P-MP? It essentially replaces the older two-dimensional measurement of lens resolution expressed in line pairs. Except P-MP goes a step further by measuring it on a combination of lens and camera. It is actually the only way to measure, express and compare the resolution of a camera and lens combination.
I do not consider zoom lenses since most reproduce less than half the potential resolution of the camera. The closest to reaching the goal above is the new Nikkor 300mm F4 VR with a TC 14-E III teleconverter attached. The TC attachment drops the resolution of the pair from an estimated 18 P-MP to an estimated 16 P-MP. Comparing this to the full-frame, 600mm setup producing 24 P-MP, this might still be adequate for lightweight birding.
Choosing a Micro Four Thirds format camera is tempting considering the reputation of the OM-D lineup and similar lines of cameras. However, a 300mm prime lens for this camera with autofocus producing at least 12 P-MP final resolution is not available. The nearest lens, the Panasonic 100-300mm F4, produces barely half the resolution required.
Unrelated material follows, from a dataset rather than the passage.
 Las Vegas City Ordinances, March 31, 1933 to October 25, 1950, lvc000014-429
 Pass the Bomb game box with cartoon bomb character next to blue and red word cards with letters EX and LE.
We are now down to Nikon 1 camera system and similar equipped with an adapter to accept 200-300mm autofocus lenses. Even though the Nikon 1 sensor resolution is adequate at 18.4MP, the real world results are not encouraging. Nikon early promoted this camera for long reach sports and nature photography because of its 2.7x cropping factor. Actual results, however, are disappointing. It appears that despite an adequate sensor resolution the image quality of these very small pixels does not support a final image with a resolution rating much over 6 to 8 P-MP. An improved 16MP sensor with an optimized 200mm lens producing a final image quality of 12 P-MP would be much more tempting.
In conclusion it appears as if the camera manufacturers do not find bird photography enough of a market to offer an optimized combination of cameras and lenses. I wish they would.